## COLLECTED MATERIAL
--------------------------------------------------

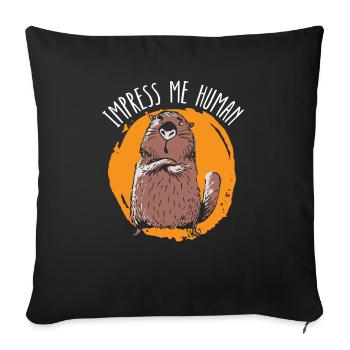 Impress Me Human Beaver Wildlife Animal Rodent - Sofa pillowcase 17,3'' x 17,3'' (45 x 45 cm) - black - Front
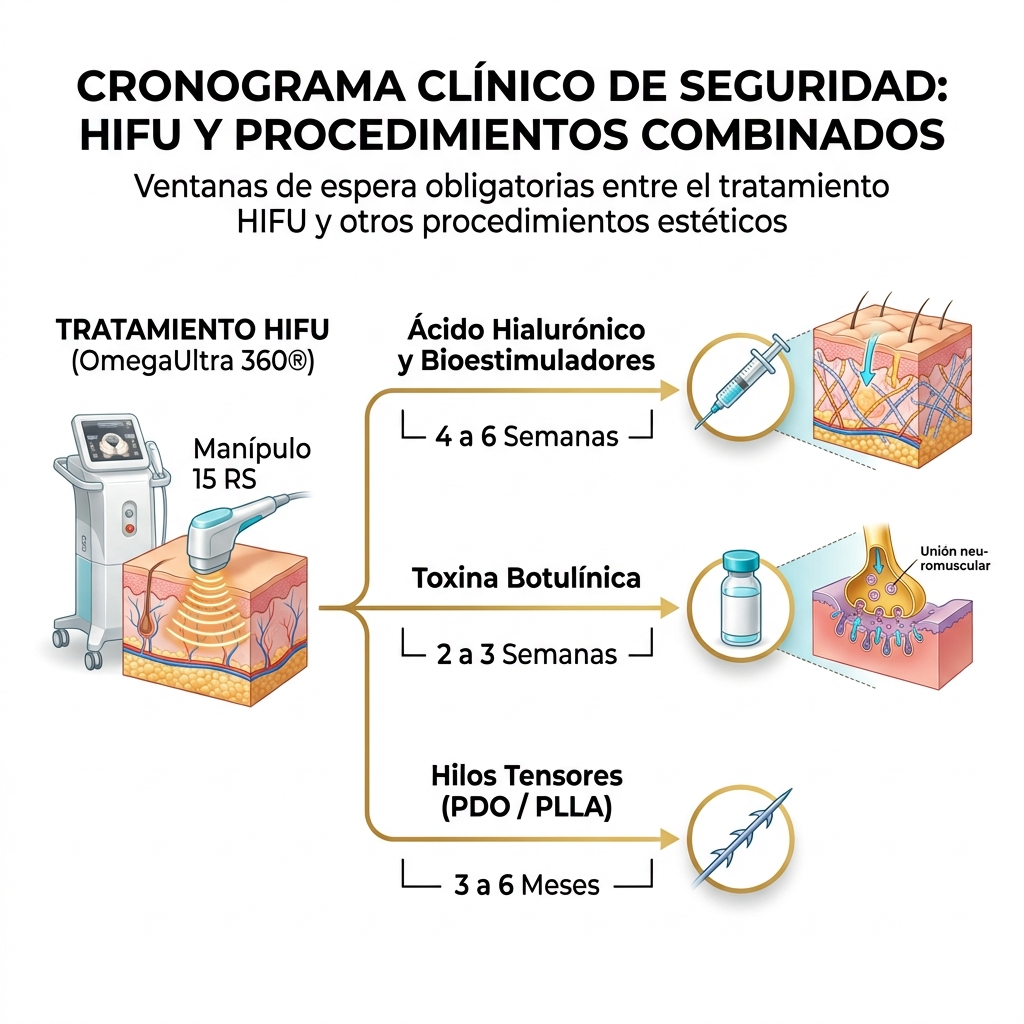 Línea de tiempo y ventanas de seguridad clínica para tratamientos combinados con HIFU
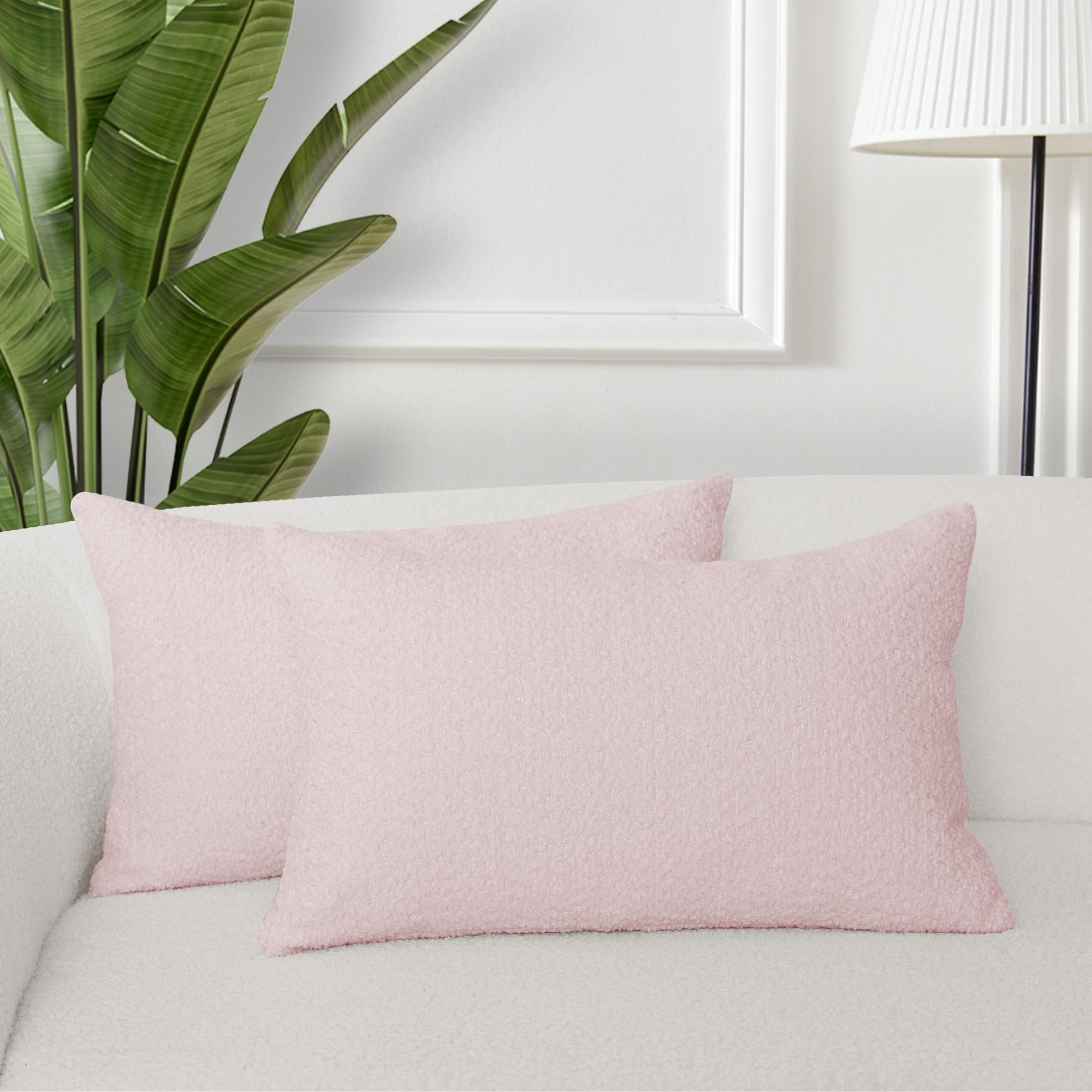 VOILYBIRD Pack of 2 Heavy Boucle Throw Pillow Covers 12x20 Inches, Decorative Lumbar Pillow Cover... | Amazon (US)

--------------------------------------------------

## YOUR ASSIGNMENT
In the copy, include exactly the lines from the one with "Línea de tiempo" through the final line of the data, both ends included, and no pictures.

## EXERCISE OUTPUT
 Línea de tiempo y ventanas de seguridad clínica para tratamientos combinados con HIFU
 VOILYBIRD Pack of 2 Heavy Boucle Throw Pillow Covers 12x20 Inches, Decorative Lumbar Pillow Cover... | Amazon (US)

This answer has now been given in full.